These Boots Are Made For Camping
Or Tales Of A Tenth Grader Missing The Point And Having A Good Time
This is a story many folks have heard me tell (even with slight modifications from a lawyer, on a PBS affiliate), but I’ve been getting requests for a written version. I’m hoping that reading it today will make you feel better about the wisdom of your tenth grade self.
When I was a sophomore in high school, other kids my age were drinking wine coolers (it was the 80s), perfecting their Madonna moves, and providing each other with what I now know was NOT great um, physical, um, intimacy. I was going to church at least three times a week, haranguing my peers into attending before-school prayer meetings, and asking complete strangers, "Excuse me, have you accepted Jesus Christ as your personal savior?"
I was a fervent born-again Christian; this made my fervent Christian mom very happy.
But I was also a huge lifelong tomboy; this made my fervent Christian mom very sad. Or at least it made her worried.
One spring afternoon my sophomore year in high school, I came home from school to find a piece of folded paper on the kitchen table. My mom had written on it with one of those new-fangled post-it notes (it was the 80s, they were new-fangled) "this looks like something you'd really love!"
It was a glossy brochure for God's Boot Camp missionary training program.
"Get dirty for God" was written in traditional log-as-letters camp-related font on the front cover. Inside were photos of enthusiastically smiling teenagers engaged in missionary training tasks like physically building churches and asking total strangers, "Excuse me, have you accepted Jesus as your personal savior?"
I thought, hey, this does look like something I'd love.

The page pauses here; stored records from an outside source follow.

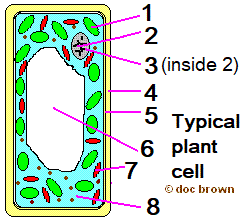 plantcell2q.gif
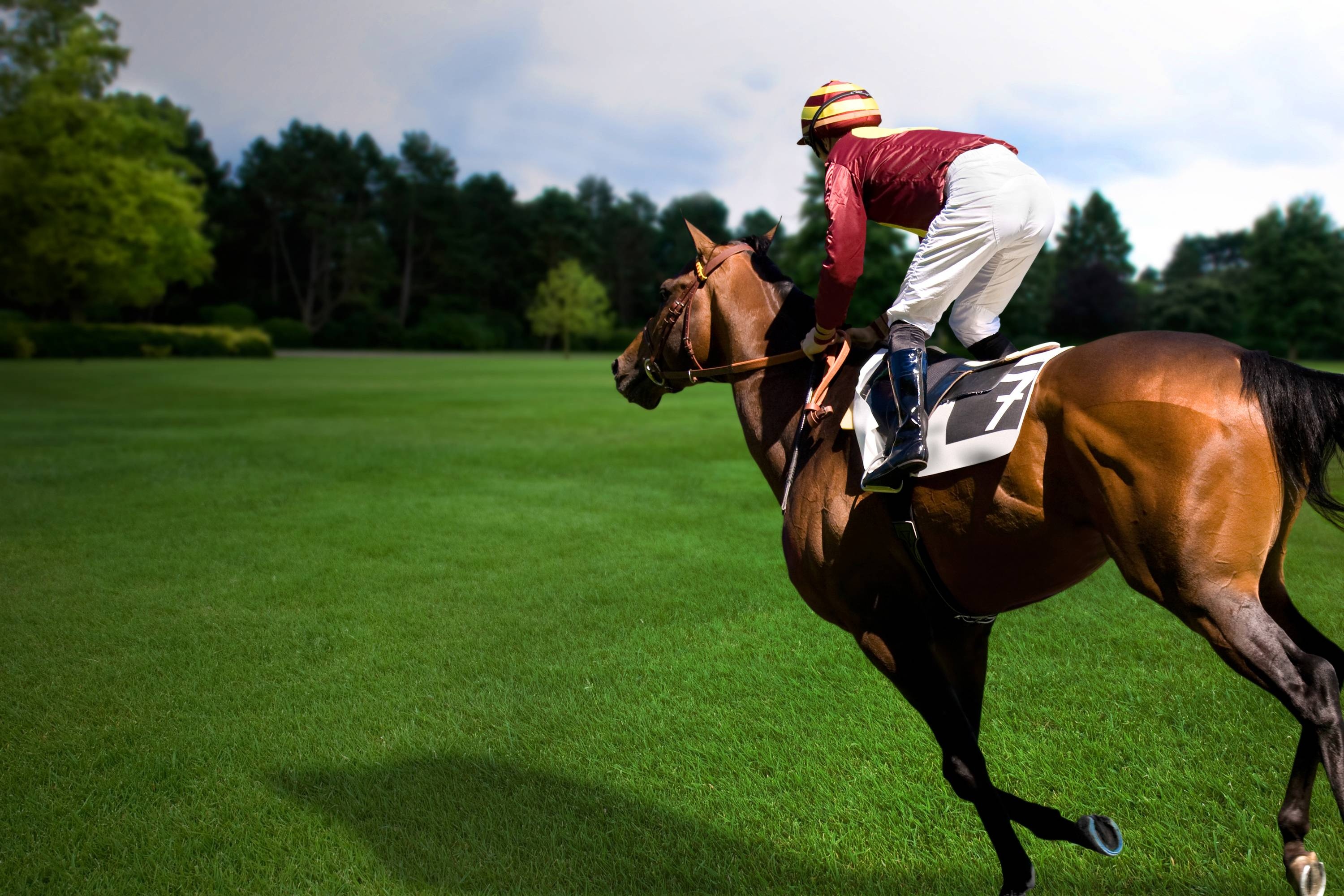 Equestrian sports event, Fast-paced horse race, Equine competition, Exciting action, 3000x2000 HD Desktop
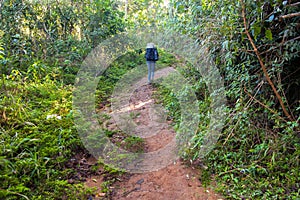 People on trekking trail in rain forest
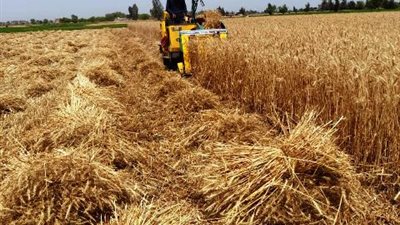 الزراعة: نتوقع استقبال 35 ألف طن قمح من مزارعي بورسعيد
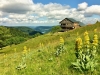 Vacances d'été dans les Vosges au Refuge du Sotré !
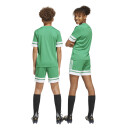 SQUADRA 25 Kinder-Short TEAM GREEN/WHITE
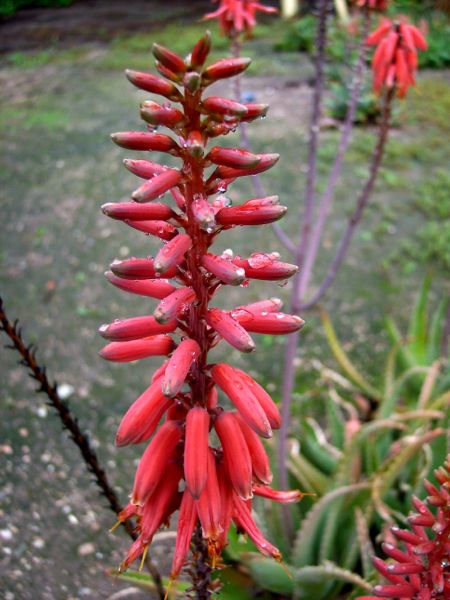 Aloe massawana in the Los Angeles arboretum
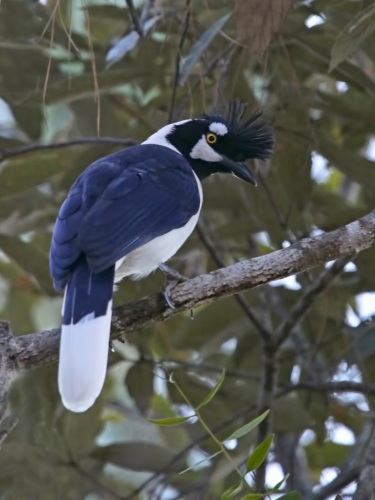 Tufted Jay by Kim and Cindy Risen Tufted Jay by Kim and Cindy Risen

Once I decided to attend, I had three months to raise the 1200 dollar fee for participating in the Lord's Boot Camp. At first, this seemed daunting, but as soon as the adults in my church heard about this possibility, they threw the entire weight of their Jesus-loving hearts into helping me get there. They set me up with a hose and a bucket to wash cars for donations in the church parking lot. They contributed a variety of goodies for a substantial baked-goods auction. They even lent me the choir's commercial-size popcorn machine so I could vend cones of the salty snack to the crowds of folks driving down Ridgewood Avenue, engaging in the unique Florida tradition of families going directly from church to the beach.
The Lord's Boot Camp brochure did warn, "this is no pamper camp," and I arrived to find that boy howdy they were not kidding. It was essentially a large stretch of unimproved Florida wetlands with no electricity, running water, or indoors of any kind. We slept in tiny ancient two-person tents that were so covered in spots of black mildew they could easily be mistaken for the side of a Guernsey cow.
We washed our clothes by hand in sulfur water we drew from a manual pump. We were strictly forbidden from slapping the plentiful mosquitos because that would be destroying God's creation.
The place we were supposed to wash up was a swampy pond area that they called–completely unironically–God's bathtub. The drainage ditch attached to God's Bathtub was home to two full-grown alligators. When we questioned our leaders about it, their response was an incredulous "Now, do you really think an alligator is going to eat 500 teenagers?"
None of us thought 500.
But isn't even one kind of a lot?

Every day at 5 am, we'd run the Lord's Boot Camp obstacle course, which consisted of Biblically named physical challenges that our leaders said would help us develop character traits we'd need to handle the challenges of missionary life.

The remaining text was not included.